Our data showed that 21% (6/29) of the PMS individuals presented an additional rare CNV, which may contribute to clinical variability in PMS. Increased pain tolerance (80%), hypotonia (85%), and sparse eyebrows (80%) were prominent clinical features. An atypical case diagnosed with PMS at 18 years old and IQ within the normal range is here described. Among Brazilian ASD or ID individuals referred to CNV analyses, the frequency of 22q13.3 deletion was 0.6% (5/829) and 0.61% (15/2297), respectively. Finally, renal abnormalities, lymphedema, and language impairment were found to be positively associated with deletion sizes, and the minimum deletion to cause these abnormalities is here suggested.
This is the first work describing a cohort of Brazilian individuals with PMS. Our results confirm the impact of 22q13 deletions on ASD and several comorbidities, such as hypotonia. The estimation of a minimal deletion size for developing lymphedema and renal problem can assist prediction of prognosis in PMS individuals, particularly those diagnosed in early infancy. We also identified one atypical individual carrying SHANK3 deletion, suggesting that resilience to such mutations occurs. This case expands the clinical spectrum of variability in PMS and opens perspectives to identify protective mechanisms that can minimize the severity of this condition.
Phelan-McDermid 综合征(PMS)是一种罕见的遗传疾病,其特征为全面发育迟缓、智力障碍(ID)、自闭症谱系障碍(ASD)和轻度畸形,这些与 SHANK3 功能丧失突变引起的多种合并症有关。虽然 SHANK3 杂合不足与 PMS 的主要神经症状有关,但它无法解释个体之间的临床变异性。我们的目标是对巴西 PMS 个体的队列进行特征描述,探索该综合征的基因型-表型相关性,并描述一个表型较轻的非典型个体。
对 34 名 PMS 个体进行临床和基因评估。通过父母回答的问卷获取数据,并通过照片评估来评估畸形特征。我们分析了 22q13.3 缺失和其他潜在的致病性拷贝数变异(CNV),并进行了基因型-表型相关性分析,以确定合并症、言语状态和 ASD 是否与缺失大小相关。最后,我们使用了 829 名 ASD 个体和 2297 名 ID 个体的巴西队列来确定 PMS 在这些疾病中的频率。
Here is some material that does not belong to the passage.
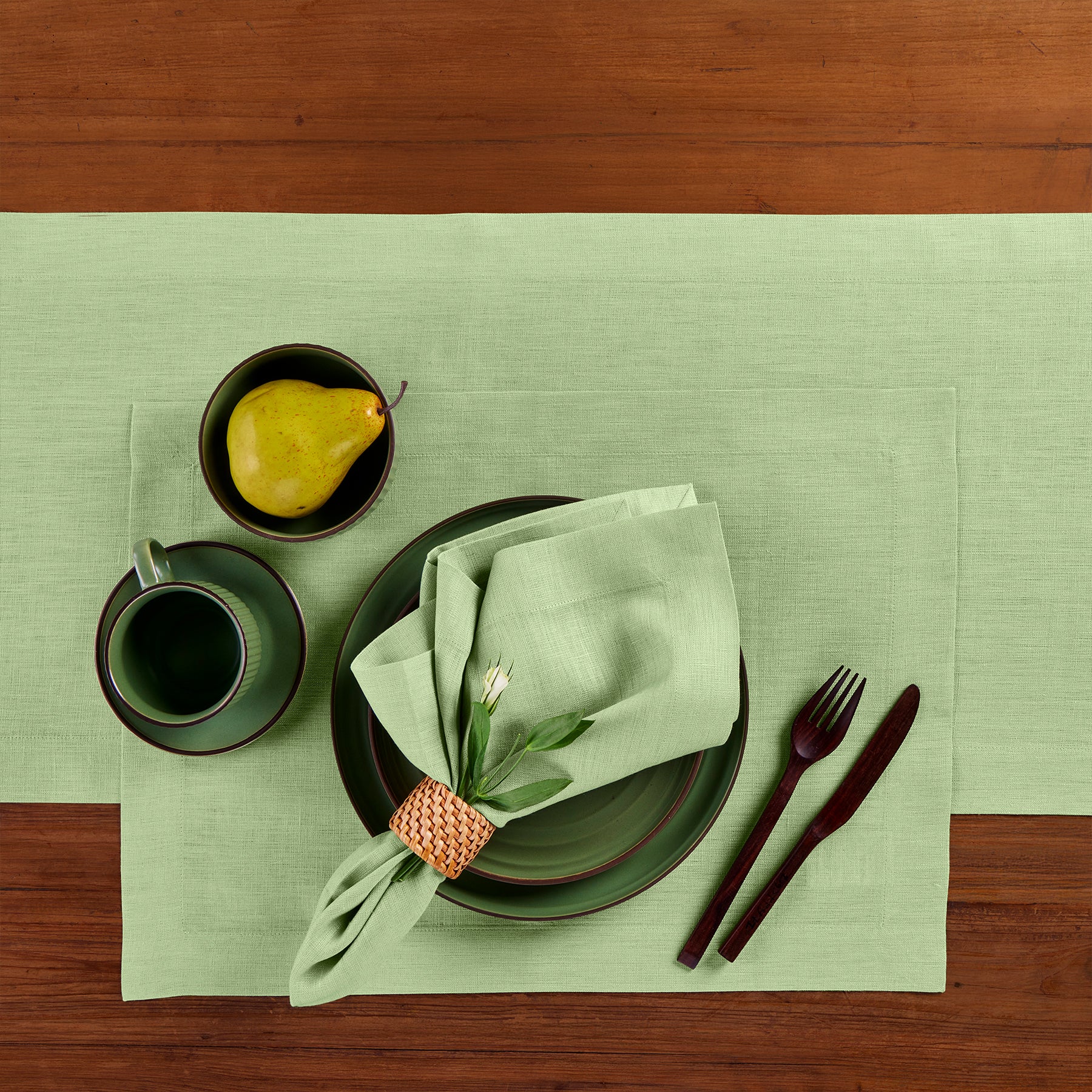 Eco-Friendly Linen Placemats Set of 6 - Premium Natural Table Mats for Dining, Kitchen, and Party Decor - Washable & Durable Home Tableware for Everyday Use and Special Occasions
我们的数据表明,29 名 PMS 个体中有 21%(6/29)存在另一个罕见的 CNV,这可能导致 PMS 的临床变异性。突出的临床特征包括疼痛耐受性增加(80%)、张力减退(85%)和稀疏眉毛(80%)。这里描述了一个在 18 岁时被诊断为 PMS 且智商在正常范围内的非典型病例。在巴西的 ASD 或 ID 个体中,22q13.3 缺失的频率分别为 0.6%(5/829)和 0.61%(15/2297)。最后,发现肾脏异常、淋巴水肿和语言障碍与缺失大小呈正相关,并且建议最小缺失大小可导致这些异常。
这是首次描述巴西 PMS 个体队列的工作。我们的结果证实了 22q13 缺失对 ASD 和多种合并症(如张力减退)的影响。对导致淋巴水肿和肾脏问题的最小缺失大小的估计,可以辅助预测 PMS 个体的预后,特别是那些在婴儿早期诊断的个体。我们还发现了一个携带 SHANK3 缺失的非典型个体,表明这种突变存在一定的抗性。这种情况扩展了 PMS 变异性的临床范围,并为识别可以最小化这种疾病严重程度的保护机制开辟了前景。